» **What you should do**
Please copy the data below exactly; none of the pictures in it belong in the copy.

» **Material provided**
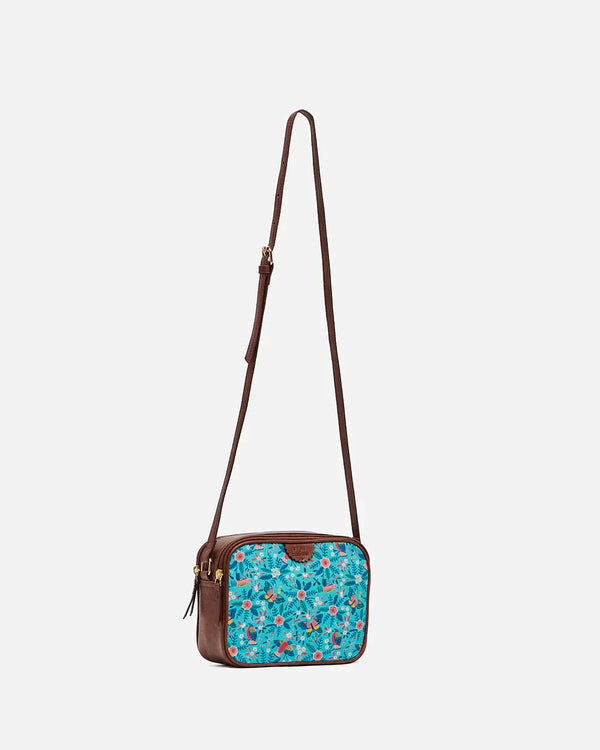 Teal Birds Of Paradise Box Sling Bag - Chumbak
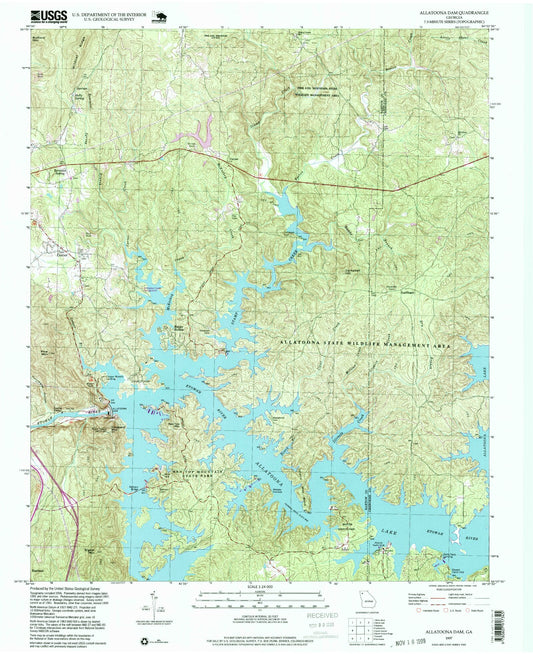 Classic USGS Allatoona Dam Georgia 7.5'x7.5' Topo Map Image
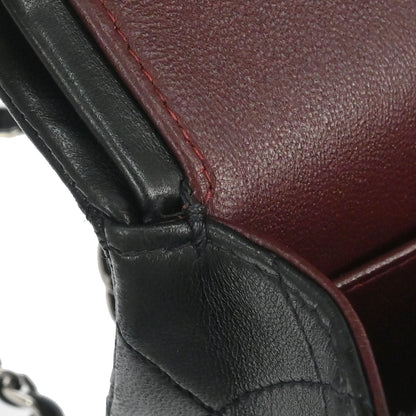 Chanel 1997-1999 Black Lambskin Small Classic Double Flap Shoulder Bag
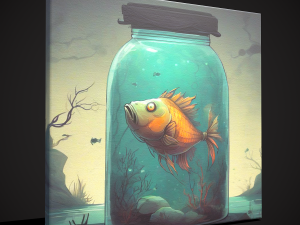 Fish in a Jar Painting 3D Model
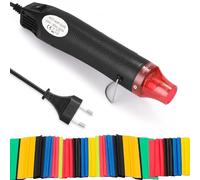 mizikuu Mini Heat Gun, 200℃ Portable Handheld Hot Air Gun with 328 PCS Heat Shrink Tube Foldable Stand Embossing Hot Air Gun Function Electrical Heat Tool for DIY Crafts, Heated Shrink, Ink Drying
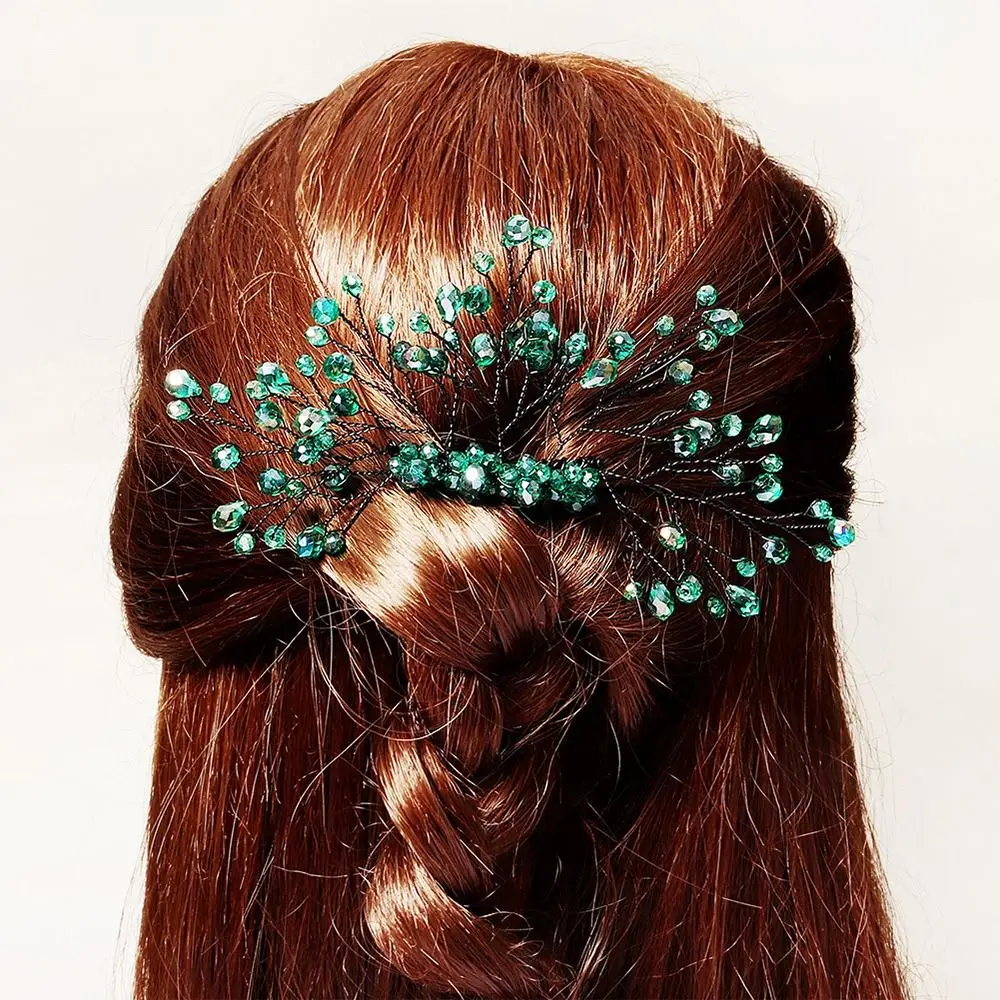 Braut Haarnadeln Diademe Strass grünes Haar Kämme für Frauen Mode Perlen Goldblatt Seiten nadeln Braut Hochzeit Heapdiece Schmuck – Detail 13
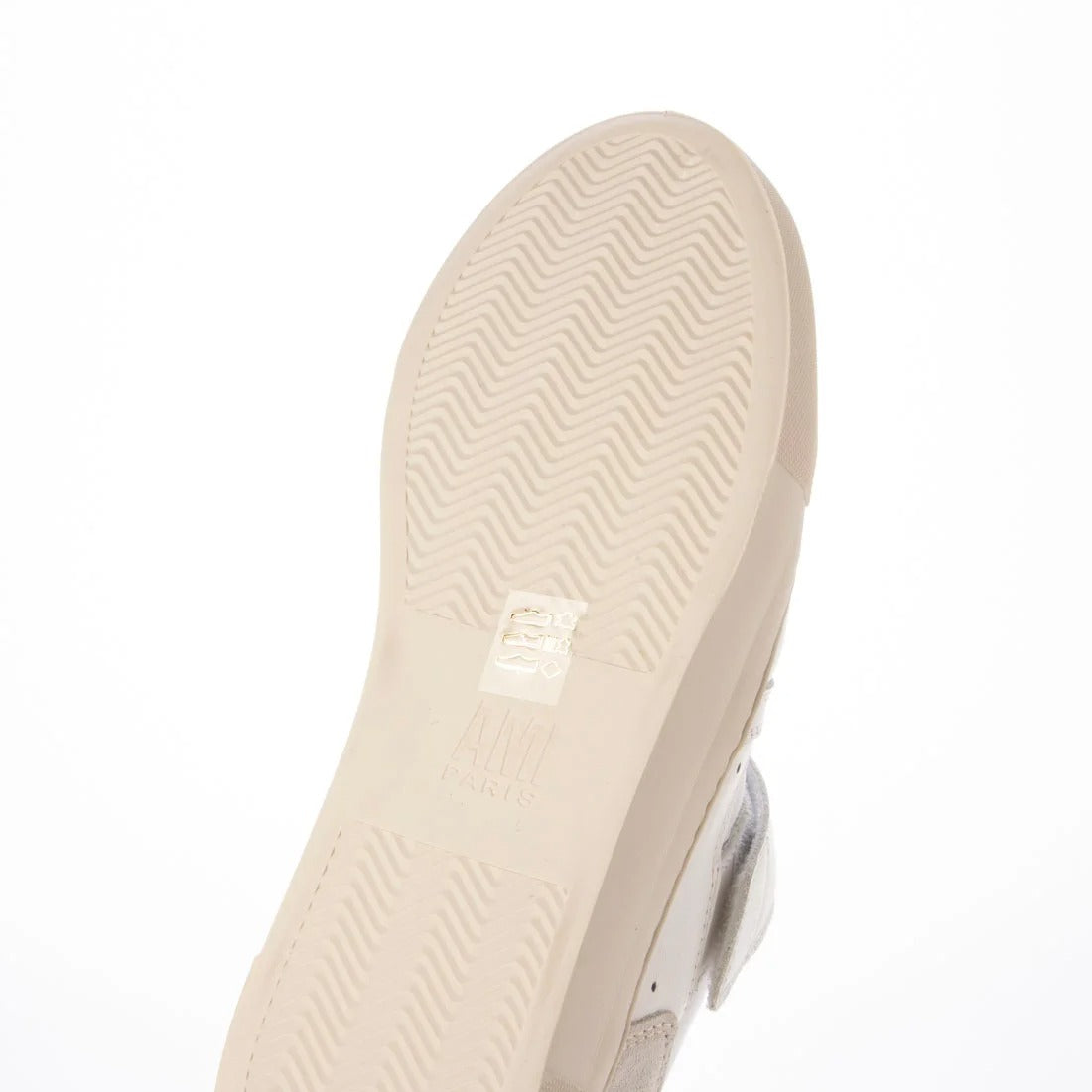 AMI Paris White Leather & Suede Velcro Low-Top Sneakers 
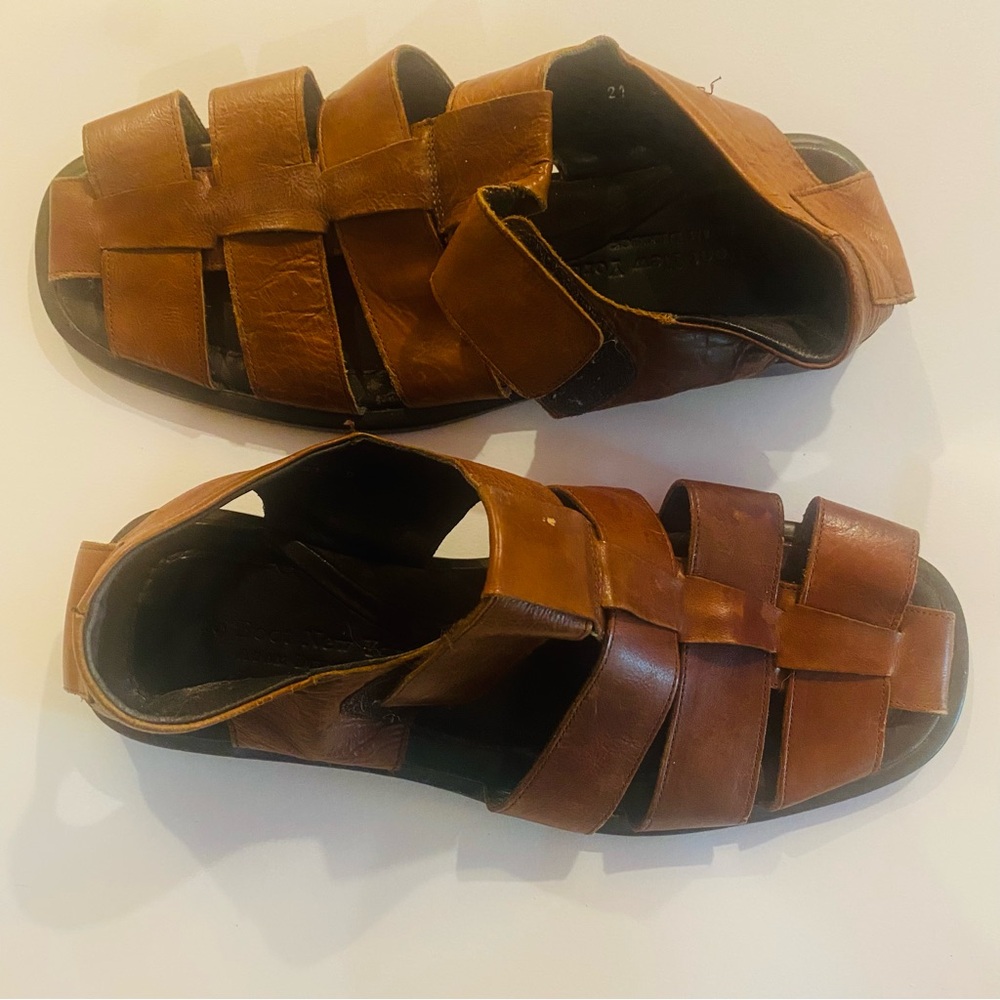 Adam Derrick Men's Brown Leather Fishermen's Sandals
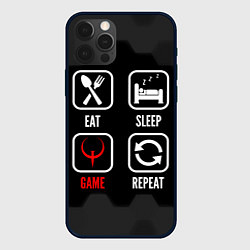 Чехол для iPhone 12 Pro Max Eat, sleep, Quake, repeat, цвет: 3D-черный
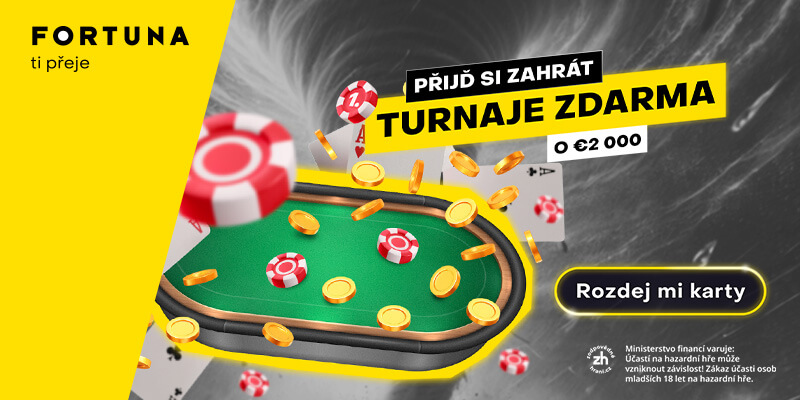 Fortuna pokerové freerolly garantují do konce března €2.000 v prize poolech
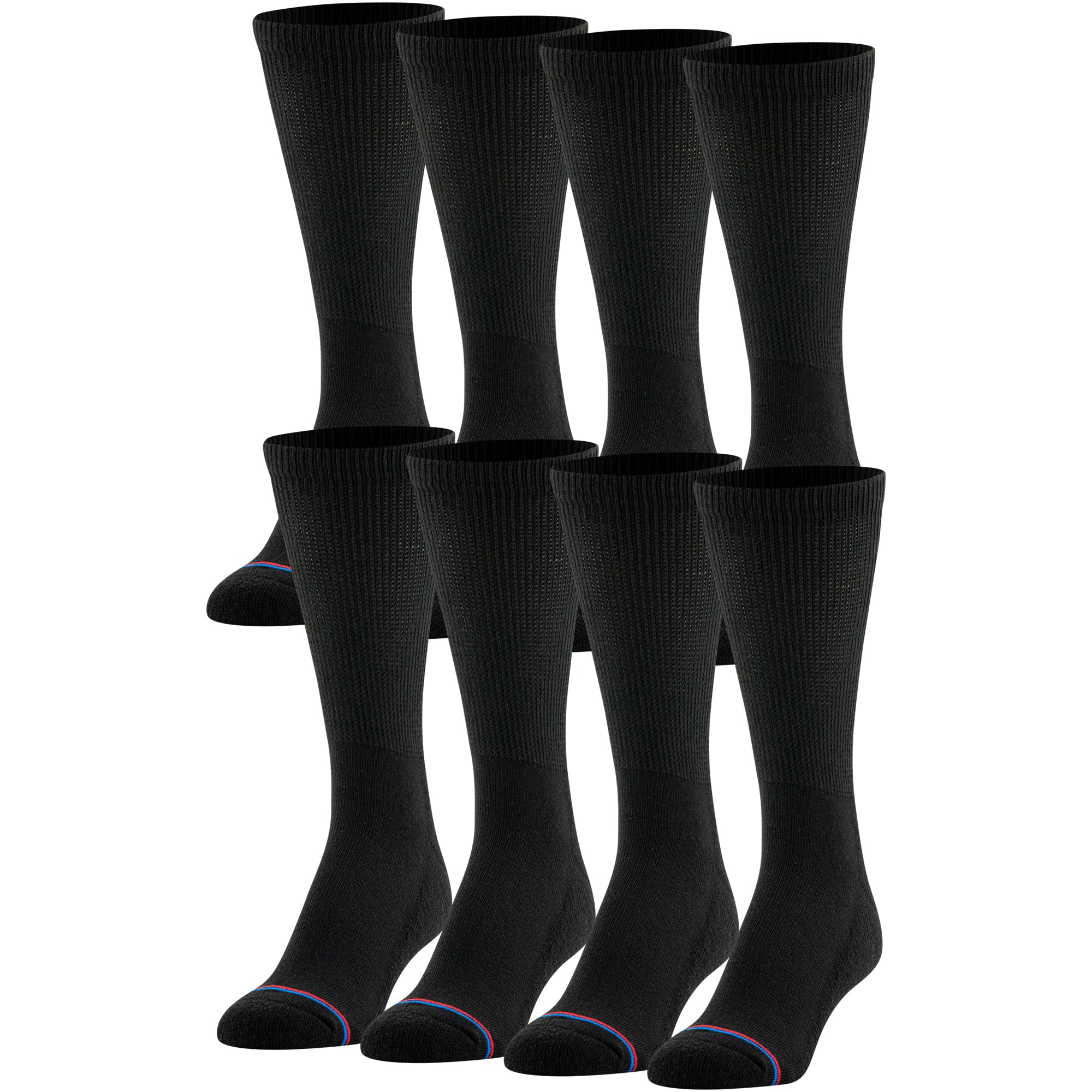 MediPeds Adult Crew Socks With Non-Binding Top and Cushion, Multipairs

» **Your response**
 Teal Birds Of Paradise Box Sling Bag - Chumbak
 Classic USGS Allatoona Dam Georgia 7.5'x7.5' Topo Map Image
 Chanel 1997-1999 Black Lambskin Small Classic Double Flap Shoulder Bag
 Fish in a Jar Painting 3D Model
 mizikuu Mini Heat Gun, 200℃ Portable Handheld Hot Air Gun with 328 PCS Heat Shrink Tube Foldable Stand Embossing Hot Air Gun Function Electrical Heat Tool for DIY Crafts, Heated Shrink, Ink Drying
 Braut Haarnadeln Diademe Strass grünes Haar Kämme für Frauen Mode Perlen Goldblatt Seiten nadeln Braut Hochzeit Heapdiece Schmuck – Detail 13
 AMI Paris White Leather & Suede Velcro Low-Top Sneakers 
 Adam Derrick Men's Brown Leather Fishermen's Sandals
 Чехол для iPhone 12 Pro Max Eat, sleep, Quake, repeat, цвет: 3D-черный
 Fortuna pokerové freerolly garantují do konce března €2.000 v prize poolech
 MediPeds Adult Crew Socks With Non-Binding Top and Cushion, Multipairs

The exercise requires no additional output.